Task to complete → Print the records below from the first line through the line containing "Solid Windsor Back", both included, word for word.

[Short descriptive text snippets]

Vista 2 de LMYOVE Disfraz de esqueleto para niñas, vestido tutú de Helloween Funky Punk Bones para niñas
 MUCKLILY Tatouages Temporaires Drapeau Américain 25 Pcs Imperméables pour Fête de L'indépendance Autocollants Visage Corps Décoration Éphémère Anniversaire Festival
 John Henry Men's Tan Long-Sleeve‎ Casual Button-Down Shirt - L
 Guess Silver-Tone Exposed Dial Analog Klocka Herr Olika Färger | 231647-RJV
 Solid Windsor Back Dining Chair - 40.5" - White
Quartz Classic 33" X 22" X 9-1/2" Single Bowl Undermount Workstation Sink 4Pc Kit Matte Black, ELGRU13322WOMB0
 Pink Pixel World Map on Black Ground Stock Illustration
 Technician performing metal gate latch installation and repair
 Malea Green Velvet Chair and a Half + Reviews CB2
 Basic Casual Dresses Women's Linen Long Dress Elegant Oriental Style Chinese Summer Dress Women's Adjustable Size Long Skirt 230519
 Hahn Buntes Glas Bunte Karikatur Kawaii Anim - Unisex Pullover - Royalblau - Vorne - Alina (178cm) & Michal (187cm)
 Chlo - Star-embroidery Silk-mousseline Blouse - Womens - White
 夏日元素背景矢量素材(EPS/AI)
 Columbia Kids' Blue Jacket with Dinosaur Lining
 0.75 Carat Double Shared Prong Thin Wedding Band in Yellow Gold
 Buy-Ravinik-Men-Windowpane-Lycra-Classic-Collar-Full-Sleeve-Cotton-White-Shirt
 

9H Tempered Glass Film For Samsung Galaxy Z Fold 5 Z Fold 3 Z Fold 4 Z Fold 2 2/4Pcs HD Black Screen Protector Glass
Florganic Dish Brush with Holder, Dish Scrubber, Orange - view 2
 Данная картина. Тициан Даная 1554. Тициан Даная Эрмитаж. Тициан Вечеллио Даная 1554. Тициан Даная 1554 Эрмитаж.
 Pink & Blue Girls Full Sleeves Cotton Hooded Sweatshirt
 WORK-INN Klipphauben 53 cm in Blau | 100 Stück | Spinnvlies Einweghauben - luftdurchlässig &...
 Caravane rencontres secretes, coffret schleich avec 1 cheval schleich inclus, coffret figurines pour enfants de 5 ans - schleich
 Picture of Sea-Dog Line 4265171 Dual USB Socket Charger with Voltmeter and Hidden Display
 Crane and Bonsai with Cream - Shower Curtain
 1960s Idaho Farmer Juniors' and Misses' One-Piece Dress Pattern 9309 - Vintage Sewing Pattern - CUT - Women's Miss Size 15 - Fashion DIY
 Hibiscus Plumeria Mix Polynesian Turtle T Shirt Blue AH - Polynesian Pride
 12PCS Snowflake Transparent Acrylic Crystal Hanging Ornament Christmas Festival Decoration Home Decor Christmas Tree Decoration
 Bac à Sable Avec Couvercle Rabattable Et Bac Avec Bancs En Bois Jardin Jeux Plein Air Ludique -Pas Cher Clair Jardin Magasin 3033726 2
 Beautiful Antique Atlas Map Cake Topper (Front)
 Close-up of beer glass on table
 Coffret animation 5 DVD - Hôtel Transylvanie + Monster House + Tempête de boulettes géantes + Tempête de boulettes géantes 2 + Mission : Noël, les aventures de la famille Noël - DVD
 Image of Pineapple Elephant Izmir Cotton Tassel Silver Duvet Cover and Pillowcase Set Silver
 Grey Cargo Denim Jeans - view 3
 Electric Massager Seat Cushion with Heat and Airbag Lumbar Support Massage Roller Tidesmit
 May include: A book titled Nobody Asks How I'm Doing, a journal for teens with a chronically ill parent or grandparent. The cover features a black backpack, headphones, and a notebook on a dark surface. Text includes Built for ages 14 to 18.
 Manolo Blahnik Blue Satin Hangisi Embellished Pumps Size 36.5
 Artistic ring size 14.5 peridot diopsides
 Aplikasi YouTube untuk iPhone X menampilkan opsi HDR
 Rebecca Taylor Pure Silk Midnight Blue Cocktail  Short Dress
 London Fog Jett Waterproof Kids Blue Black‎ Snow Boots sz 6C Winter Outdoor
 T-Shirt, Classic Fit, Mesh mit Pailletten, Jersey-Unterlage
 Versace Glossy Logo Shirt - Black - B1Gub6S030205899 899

Result for this exercise →
Vista 2 de LMYOVE Disfraz de esqueleto para niñas, vestido tutú de Helloween Funky Punk Bones para niñas
 MUCKLILY Tatouages Temporaires Drapeau Américain 25 Pcs Imperméables pour Fête de L'indépendance Autocollants Visage Corps Décoration Éphémère Anniversaire Festival
 John Henry Men's Tan Long-Sleeve‎ Casual Button-Down Shirt - L
 Guess Silver-Tone Exposed Dial Analog Klocka Herr Olika Färger | 231647-RJV
 Solid Windsor Back Dining Chair - 40.5" - White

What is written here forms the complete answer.